TRY IT: Repeat every entry below exactly.

(Records excerpted from a collection)
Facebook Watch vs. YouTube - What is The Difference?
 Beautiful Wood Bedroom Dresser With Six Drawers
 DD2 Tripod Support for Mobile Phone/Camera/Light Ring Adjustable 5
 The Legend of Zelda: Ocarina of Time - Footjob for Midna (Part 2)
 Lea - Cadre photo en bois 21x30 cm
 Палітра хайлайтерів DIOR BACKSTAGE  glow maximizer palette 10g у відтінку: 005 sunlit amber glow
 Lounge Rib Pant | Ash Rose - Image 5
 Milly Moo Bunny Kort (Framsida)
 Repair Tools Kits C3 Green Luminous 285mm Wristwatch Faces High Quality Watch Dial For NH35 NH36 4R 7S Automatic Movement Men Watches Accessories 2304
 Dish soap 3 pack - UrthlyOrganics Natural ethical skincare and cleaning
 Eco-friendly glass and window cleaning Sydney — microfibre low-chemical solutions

EXERCISE SOLUTION:
Facebook Watch vs. YouTube - What is The Difference?
 Beautiful Wood Bedroom Dresser With Six Drawers
 DD2 Tripod Support for Mobile Phone/Camera/Light Ring Adjustable 5
 The Legend of Zelda: Ocarina of Time - Footjob for Midna (Part 2)
 Lea - Cadre photo en bois 21x30 cm
 Палітра хайлайтерів DIOR BACKSTAGE  glow maximizer palette 10g у відтінку: 005 sunlit amber glow
 Lounge Rib Pant | Ash Rose - Image 5
 Milly Moo Bunny Kort (Framsida)
 Repair Tools Kits C3 Green Luminous 285mm Wristwatch Faces High Quality Watch Dial For NH35 NH36 4R 7S Automatic Movement Men Watches Accessories 2304
 Dish soap 3 pack - UrthlyOrganics Natural ethical skincare and cleaning
 Eco-friendly glass and window cleaning Sydney — microfibre low-chemical solutions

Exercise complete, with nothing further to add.